If the spec requires tests but none exist:

code
────────────────────────────────────────
 ⚠️ MISSING TESTS DETECTED
────────────────────────────────────────
Module: <module_name>
Expected Test File: tests/unit/test_<module_name>.py

Status: NOT FOUND

Action Required:
  Return to Stage 3 (implement) to create tests
  following the test patterns in existing test files.
────────────────────────────────────────

Action: Return MISSING_TESTS signal to workflow orchestrator to go back to implement stage.


Step 3: Analyze Results

Goal: Interpret test results and determine next action.

3.1 Test Passed

If all tests pass:

code
────────────────────────────────────────
 TESTS PASSED
────────────────────────────────────────
Module: <module_name>
Tests Run: X
Tests Passed: X
Coverage: XX% (if available)

Ready to proceed to next phase.
────────────────────────────────────────

Action: Return PASS signal to workflow orchestrator.

3.2 Test Failed

If any tests fail:

code
────────────────────────────────────────
 TESTS FAILED
────────────────────────────────────────
Module: <module_name>
Tests Run: X
Tests Failed: Y

Failed Tests:
1. test_xxx - AssertionError: expected A, got B
2. test_yyy - ImportError: module not found

Root Cause Analysis:
- [Analyze the failure and identify the issue]

Suggested Fix:
- [Provide specific fix suggestions]
────────────────────────────────────────

Action: Return FAIL signal with detailed feedback to implement for iteration.


Step 4: Feedback Loop

Goal: Enable iterative improvement until tests pass.

If Tests Failed:

  1. Generate Fix Report: Create a structured report with:

    • Failed test name
    • Error message
    • Stack trace summary
    • File and line number of failure
    • Suggested fix approach
  2. Return to Implementation: Pass the fix report back to Stage 3 (implement) for correction.

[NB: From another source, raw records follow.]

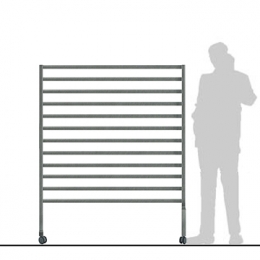 Spalliera autostabile su ruote  - cm 130x160h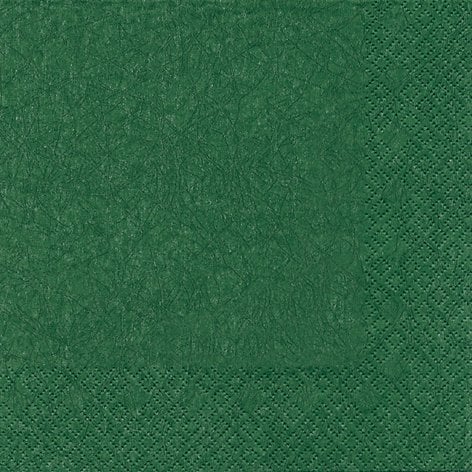20 Servietten Uni dunkelgr?n/Modern Colours/einfarbig/zeitlos 33x33cm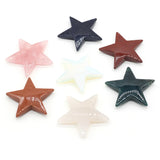 Natural Stone Five-Pointed Star Pendant for DIY Jewelry Making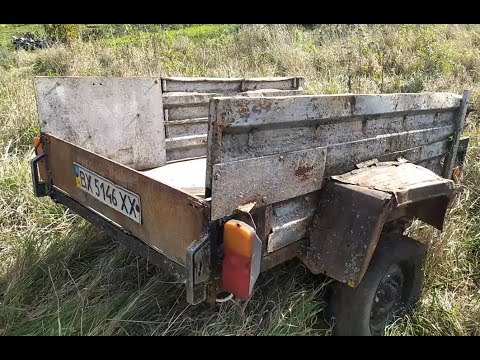 Видео: Повертаємо до життя старий причіп, після 6-ти років стоянки.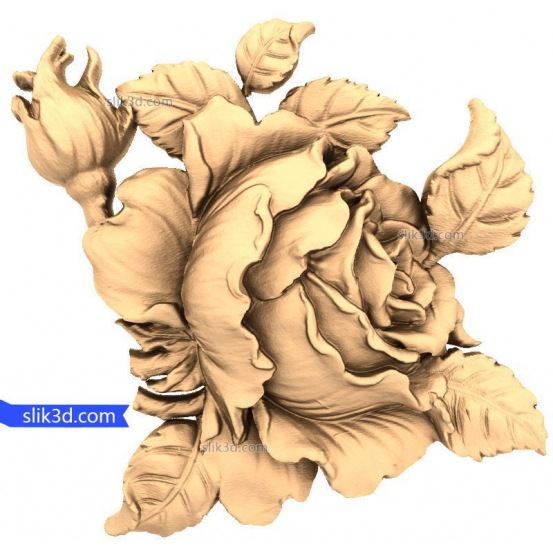 Flowers "Flowers #40" | 3D STL model for CNC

  3. Re-test: After implementation updates, run tests again.

Iteration Limit:

  • Maximum 3 iterations per task to prevent infinite loops.
  • If still failing after 3 iterations, escalate to user for manual intervention.

Testing Standards

Test Naming Convention

  • test_<function>_<scenario>_<expected_result>
  • Example: test_embed_empty_input_returns_empty_list

Test Categories (pytest markers)

python
@pytest.mark.unit       # Fast, isolated tests
@pytest.mark.integration  # Tests with real dependencies
@pytest.mark.e2e        # End-to-end tests
@pytest.mark.slow       # Long-running tests

Mock Strategy

  • Unit Tests: Mock all external dependencies (LLM, DB, HTTP)
  • Integration Tests: Use real local dependencies, mock external APIs
  • E2E Tests: Minimal mocking, test actual behavior

Validation Checklist

Before marking tests as complete, verify:

  • All new public methods have at least one test
  • Tests follow the naming convention
  • Tests are placed in the correct directory (unit/integration/e2e)
  • Tests use appropriate mocking (no real API calls in unit tests)
  • Test assertions match spec requirements
  • No hardcoded paths or credentials in tests
  • Tests can run in isolation (no order dependency)

Important Rules

  1. No Skipping Tests: If spec says "tests needed", tests must exist.
  2. Fast Feedback: Unit tests should complete in < 10 seconds.
  3. Deterministic: Tests must not have random failures.
  4. Independence: Each test must be able to run independently.
  5. Clear Failures: Failed tests must provide actionable error messages.